EXERCISE
Your copy should begin with the line containing "IO52152 New Jersey License Plate", end with the line containing "Black t-shirt with", match the listing below exactly, and contain no pictures.

---+---

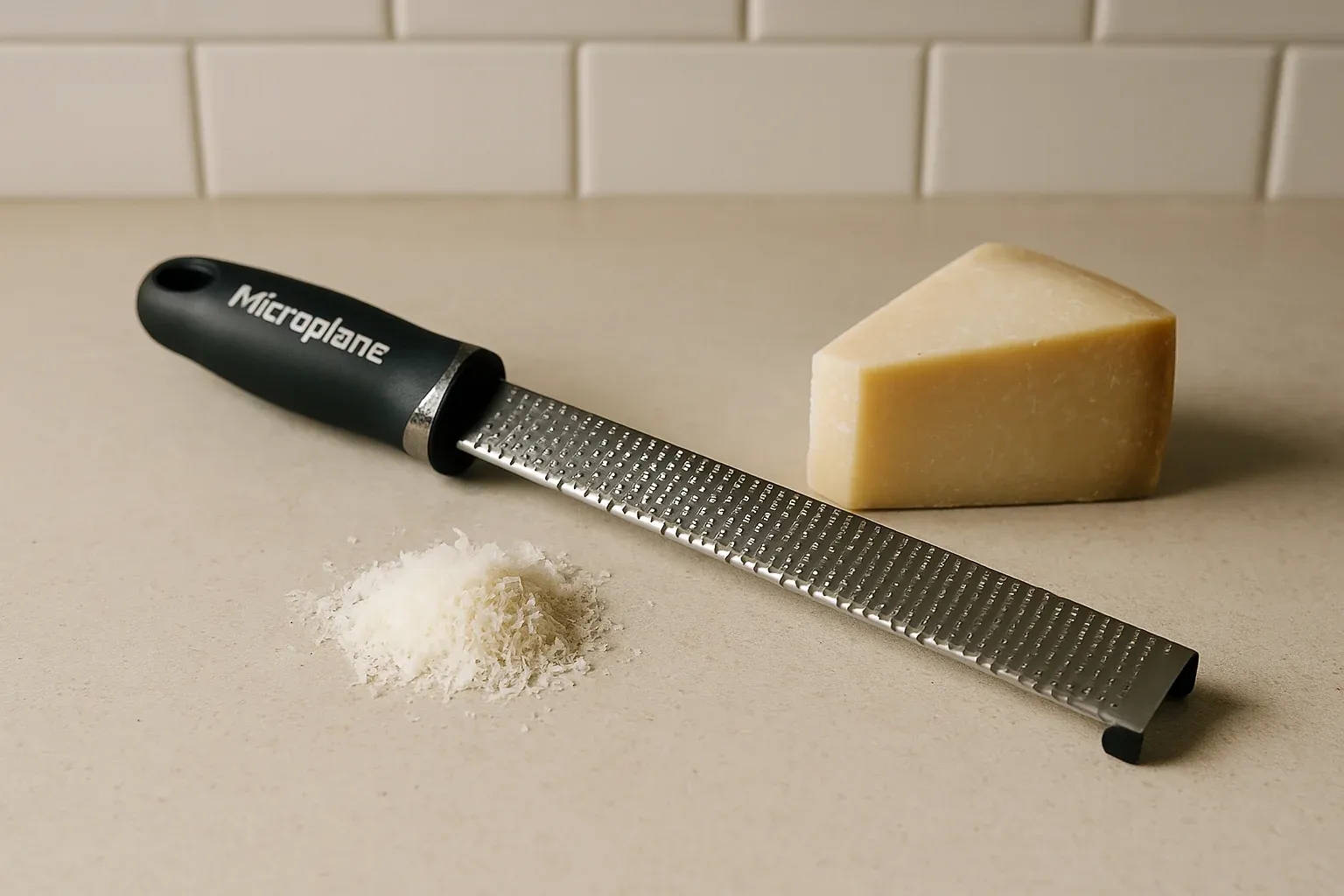 Microplane grater with freshly grated cheese and a wedge of hard cheese on a kitchen counter.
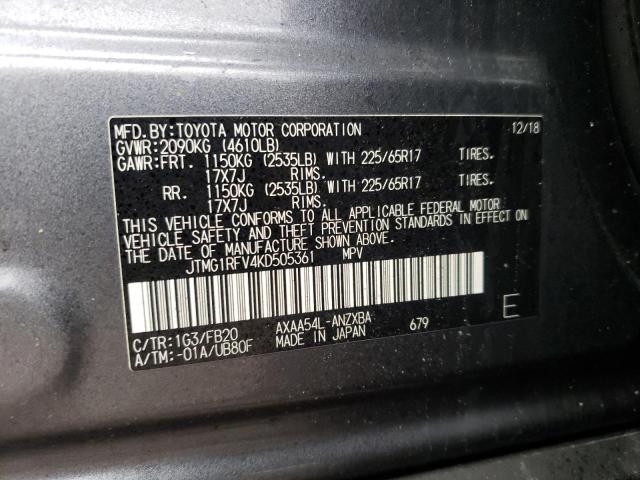 Photo 10 from auction – 2019 TOYOTA RAV4 LE with VIN JTMG1RFV4KD505361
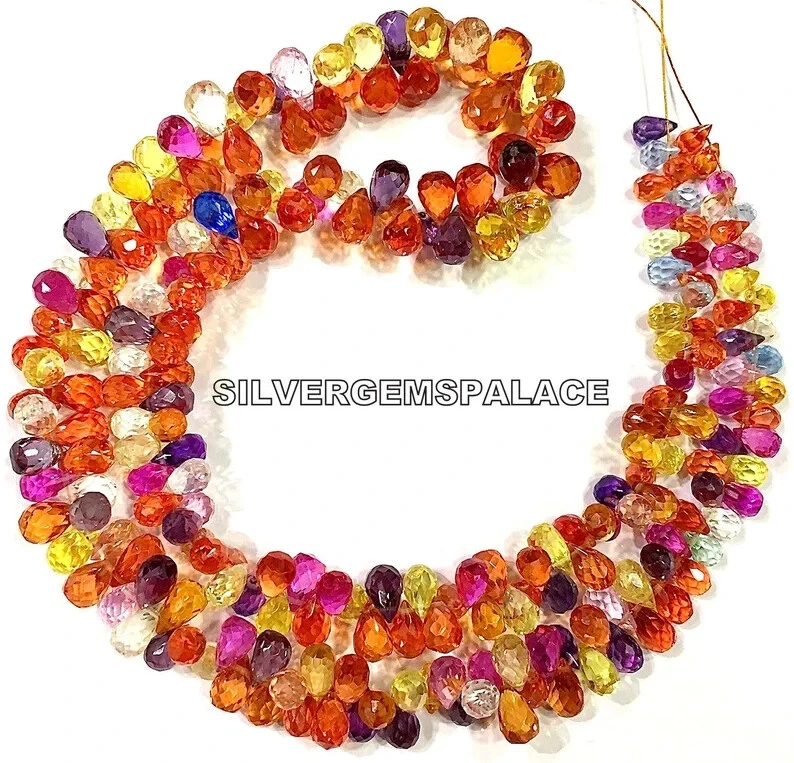 AAAA+ Cuentas de lágrima facetadas con múltiples zafiros brillantes Briolettes cuentas de piedras preciosas. Foto 4 de 4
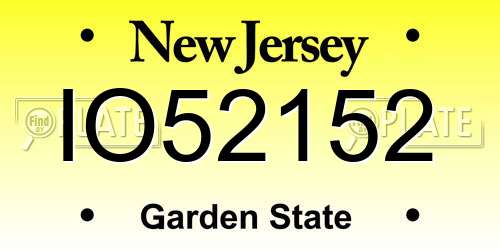 IO52152 New Jersey License Plate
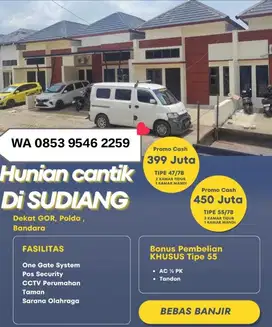 RUMAH SIAP HUNI GOA RIA SUDIANG DEKAT GOR POLDA DAN BANDARA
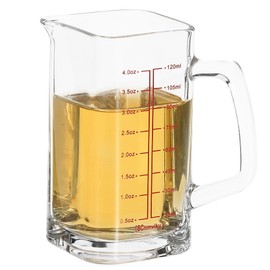 PATIKIL Glas-Messbecher mit Griff, 120 ml, Flüssigkeitsmessbecher aus Glas mit V-förmigem Ausguss und 2 Skalen für Küche, Restaurant, transparent/rot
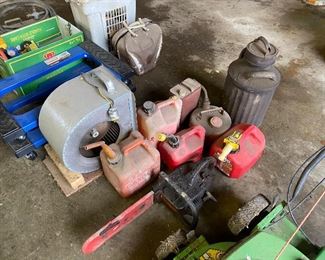 Chain saw, blower, gas cans
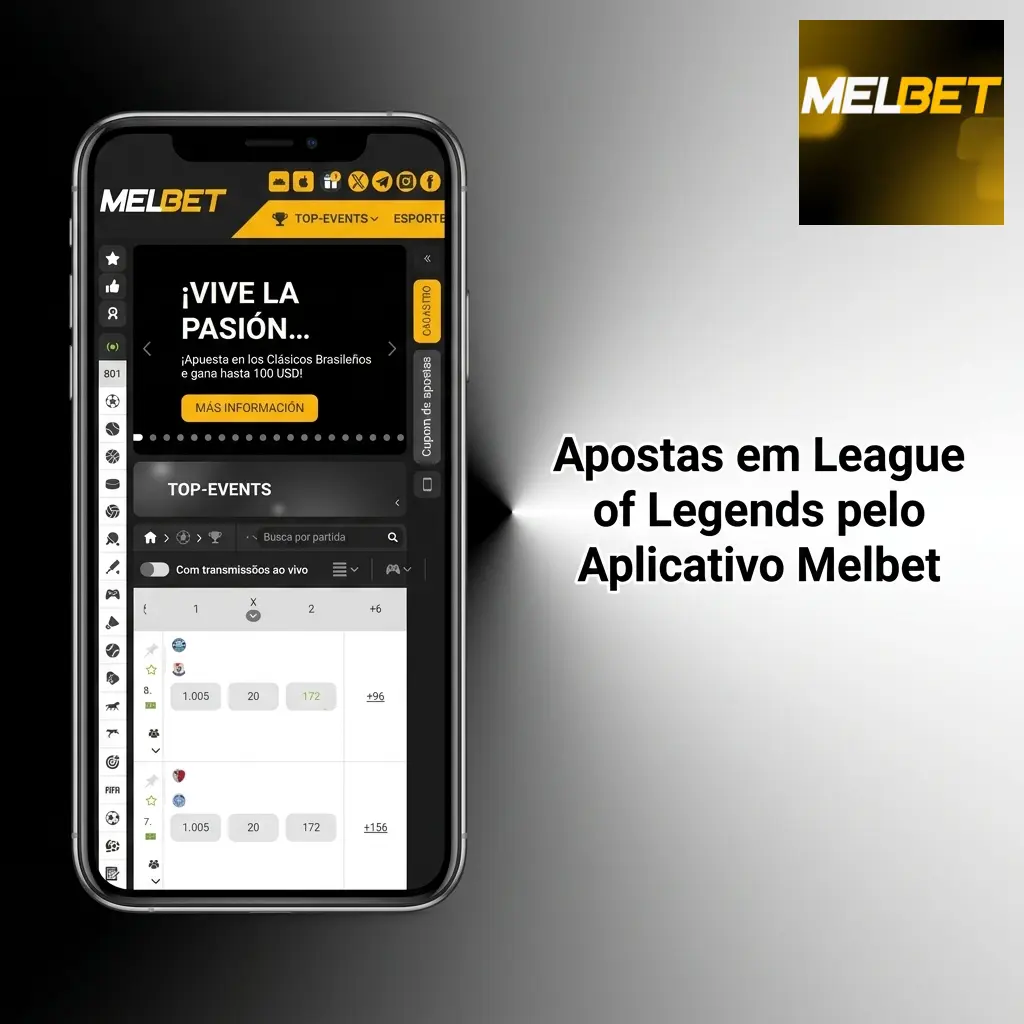 Aplicativo Melbet aberto em smartphone mostrando apostas em League of Legends com odds ao vivo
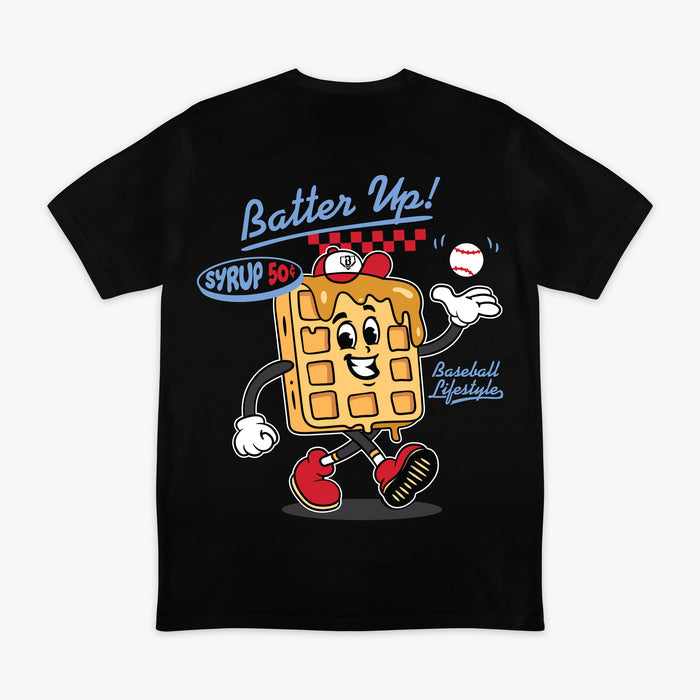 Black t-shirt with a cartoon waffle character and 'Batter Up!' text on a white background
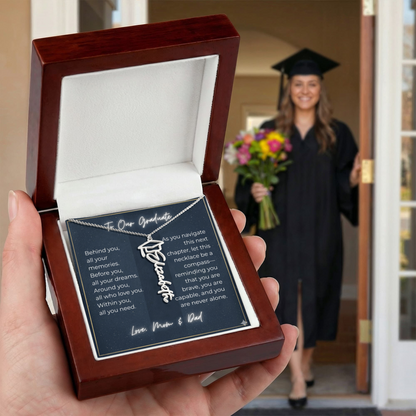 Custom Class of 2027 Graduation Name Necklace | Vertical Pendant & Cap Icon (1-Mom & Dad)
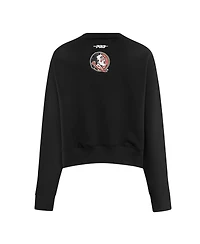 Pro Standard Women's Black Florida State Seminoles Sequin Boxy Cropped Pullover Sweatshirt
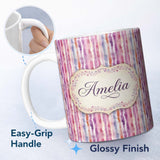 Personalized Custom Name Soft Watercolor Vertical Stripes in Pink Purple Seamless Name Cute 11oz Ceramic Coffee Tea Mug White Large Handle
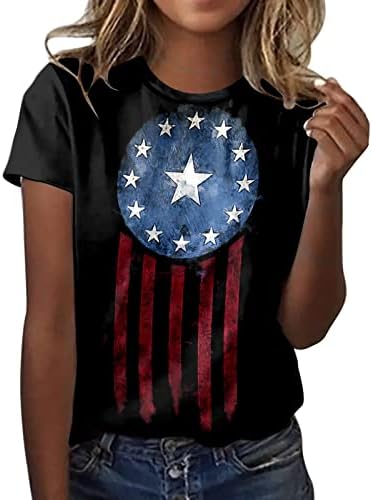 Патриотични Ризи за Жени, Тениска с Американския Флаг, Летни Ежедневни Потници, Тениски с Къс Ръкав, Райе тай-Дай, Удобна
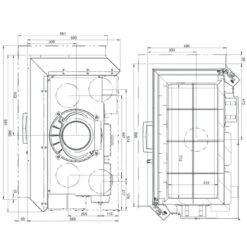 Eck-Kamineinsatz 89x49x57S Links Verglaste Hebetür 12kW -Derofenfuchs Verkäufe 89x49x57s links masse2 1280x1280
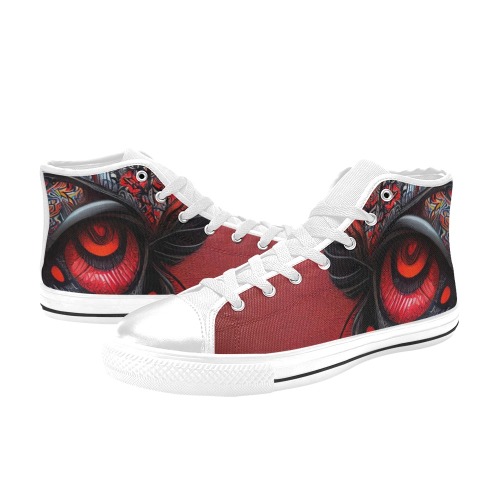 red eye Men’s Classic High Top Canvas Shoes (Model 017)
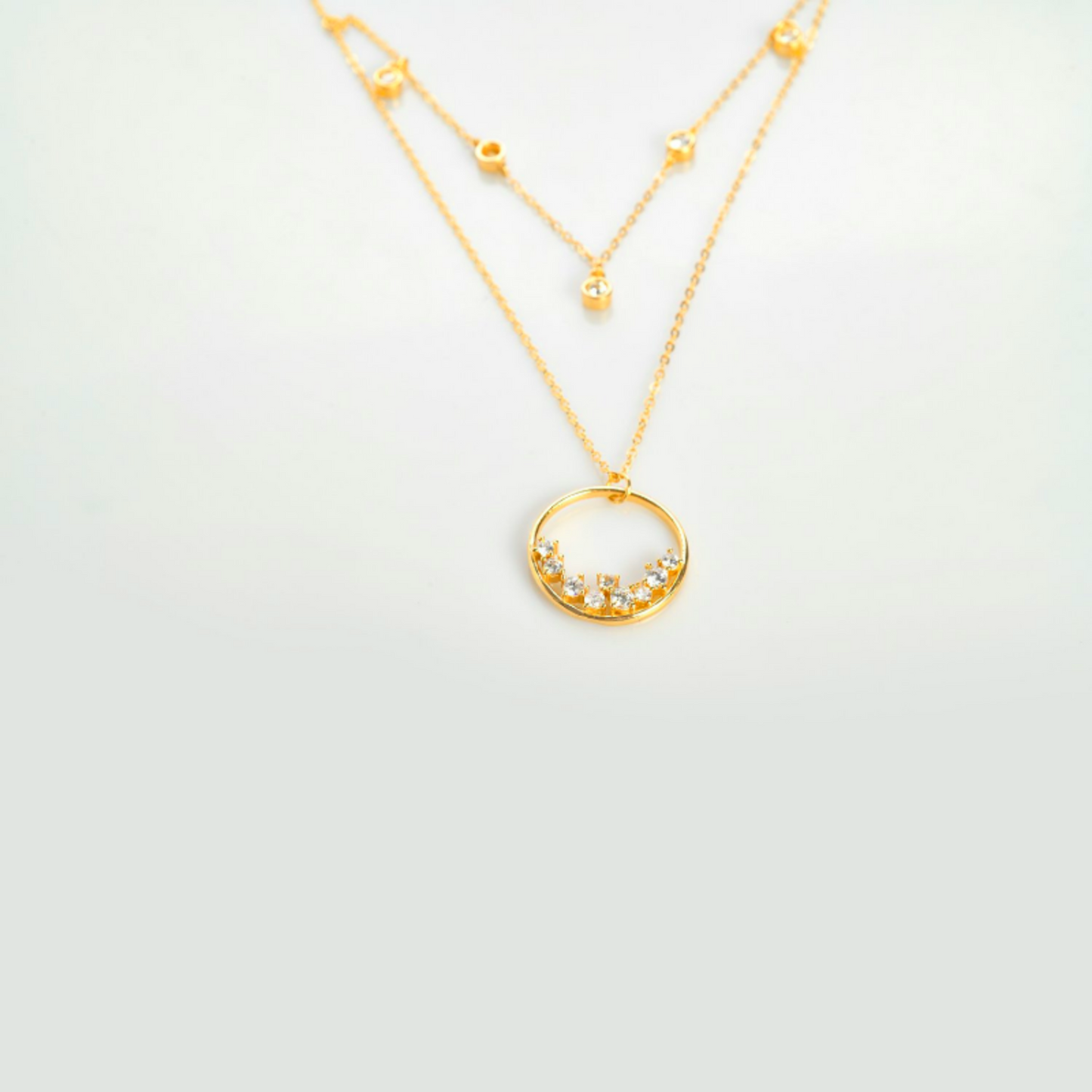 Double Chain Crystals Necklace - CA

---+---

RESPONSE TO THE EXERCISE
 IO52152 New Jersey License Plate
 RUMAH SIAP HUNI GOA RIA SUDIANG DEKAT GOR POLDA DAN BANDARA
 PATIKIL Glas-Messbecher mit Griff, 120 ml, Flüssigkeitsmessbecher aus Glas mit V-förmigem Ausguss und 2 Skalen für Küche, Restaurant, transparent/rot
 Chain saw, blower, gas cans
 Aplicativo Melbet aberto em smartphone mostrando apostas em League of Legends com odds ao vivo
 Black t-shirt with a cartoon waffle character and 'Batter Up!' text on a white background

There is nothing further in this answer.